▶ **Task to carry out**
Start to finish, return the listing below exactly, pictures excluded.

▶ **Data below**
== Segment start ==
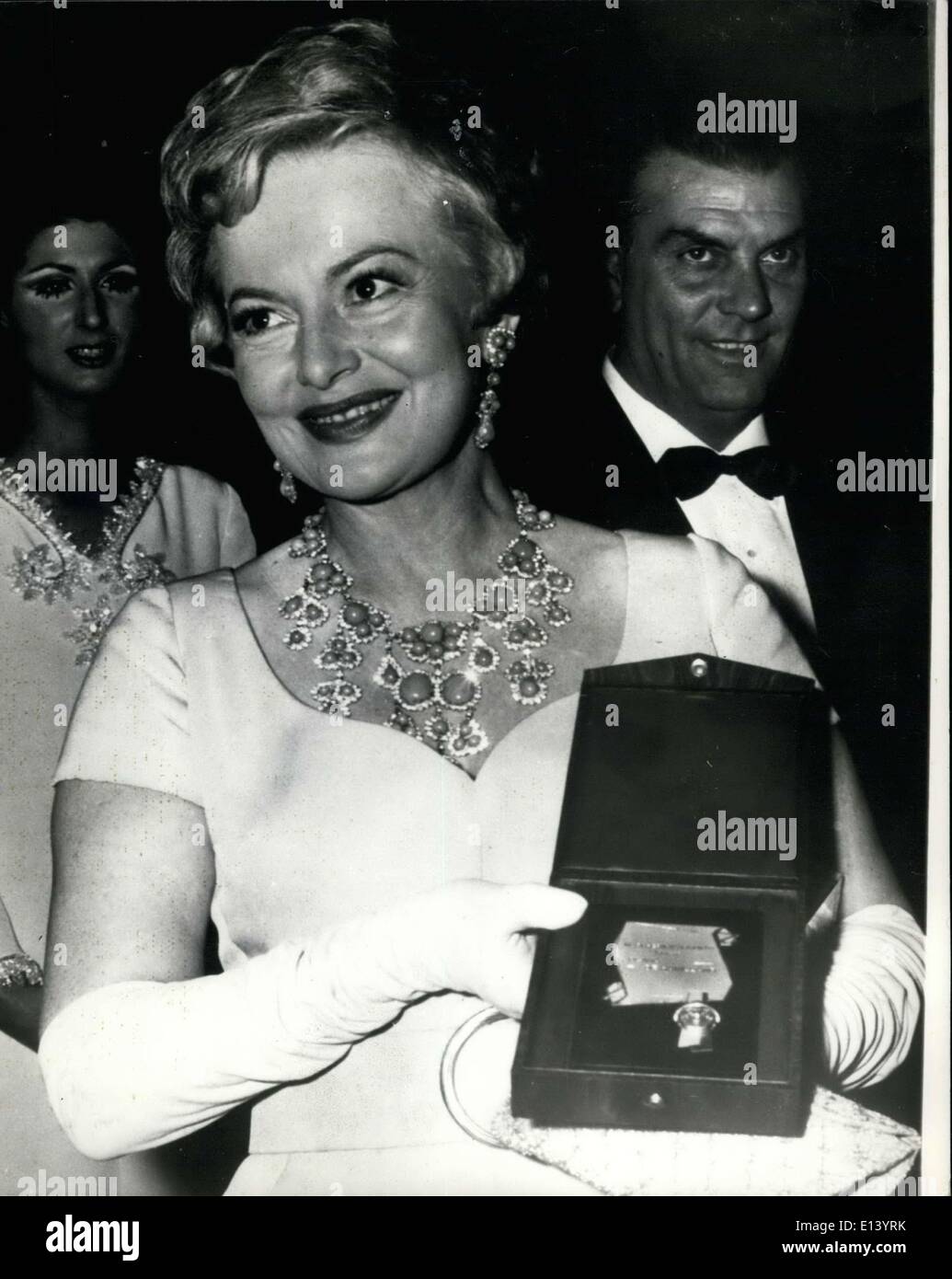 Mar. 31, 2012 - The Annual ''Silver Mask'' Awards in Rome : Stars and personalities from all over the world gathered at Rome's Sistina Theatre for the annual presentation of the ''Silver Mask'' awards. Photo shows American Actress Olivia De Havilland, who is in Rome to film ''The Adventure''s '' with her ''Silver Mask'' award after the presentation. Stock Photo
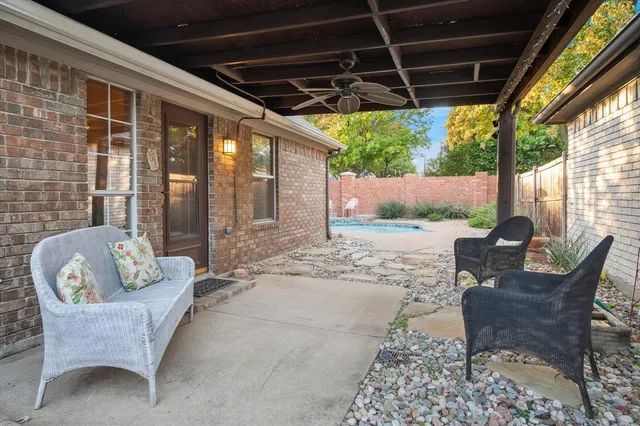 a view of a swimming pool with potted plants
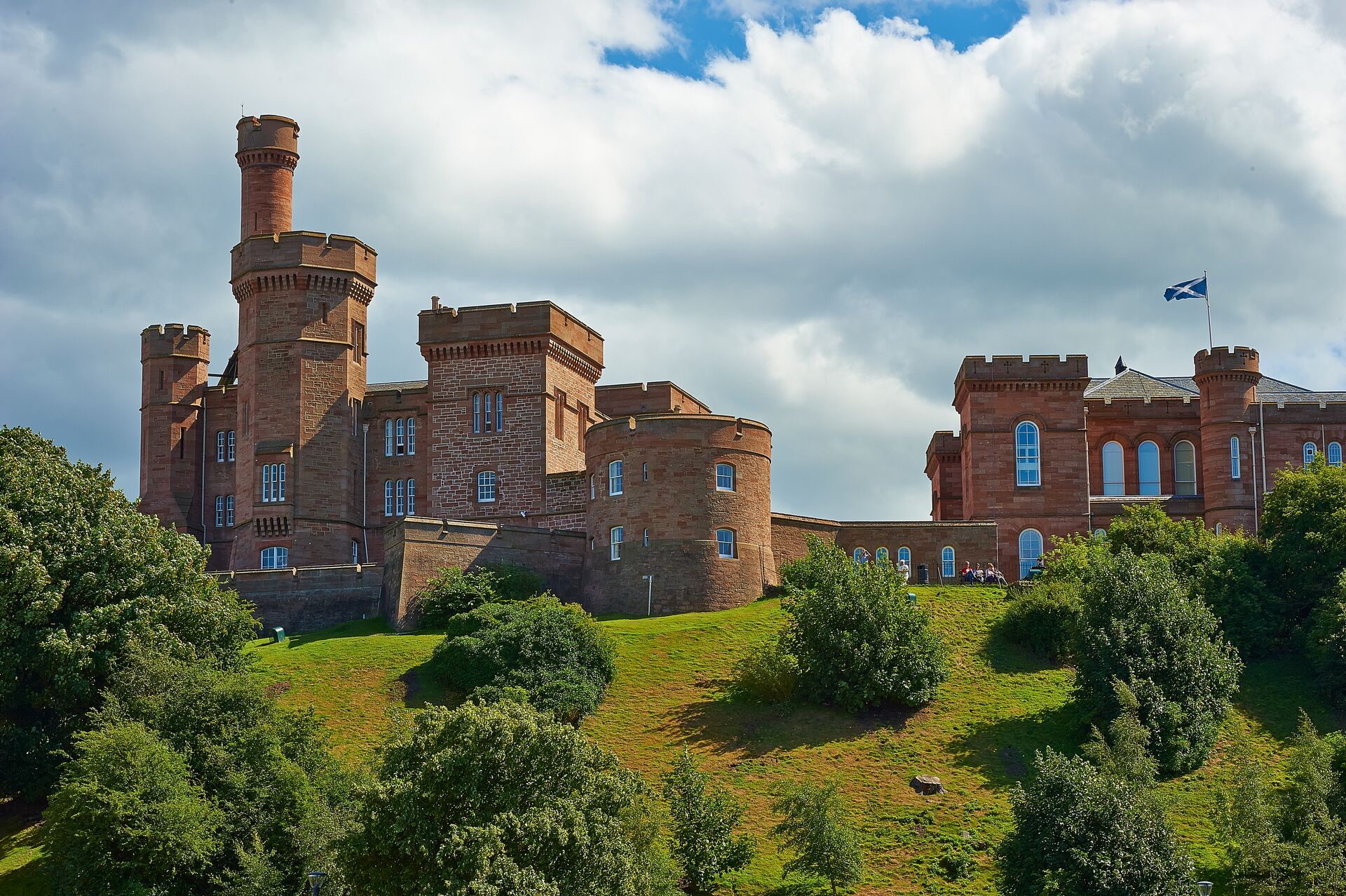 A red stone castle in Scotland's Highlands on a green grassy hill against a sky full of clouds.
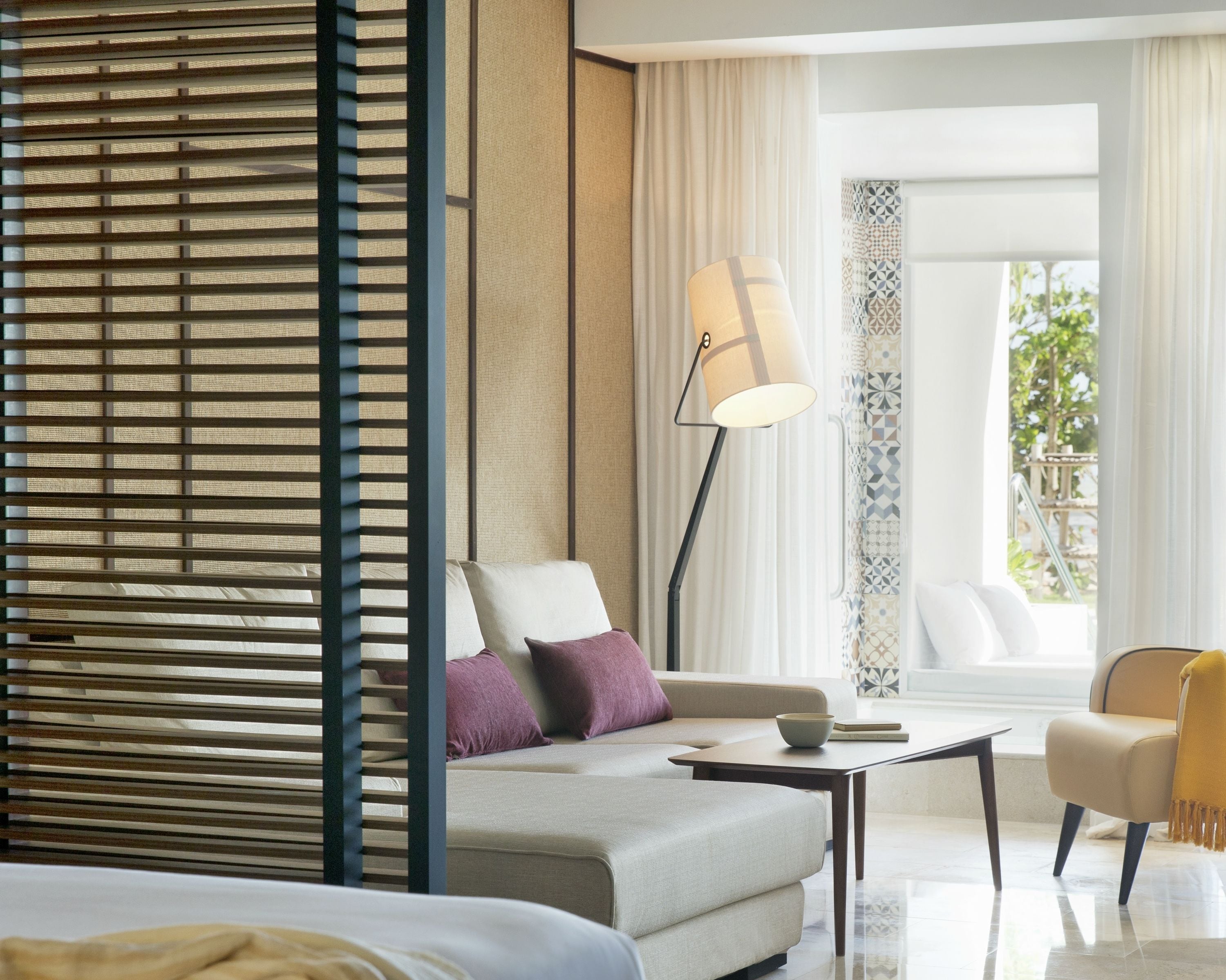 A modern hotel room with a sofa, a coffee table, and a lamp.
== Segment end ==
▶ **Exercise result**
 Mar. 31, 2012 - The Annual ''Silver Mask'' Awards in Rome : Stars and personalities from all over the world gathered at Rome's Sistina Theatre for the annual presentation of the ''Silver Mask'' awards. Photo shows American Actress Olivia De Havilland, who is in Rome to film ''The Adventure''s '' with her ''Silver Mask'' award after the presentation. Stock Photo
 a view of a swimming pool with potted plants
 A red stone castle in Scotland's Highlands on a green grassy hill against a sky full of clouds.
 A modern hotel room with a sofa, a coffee table, and a lamp.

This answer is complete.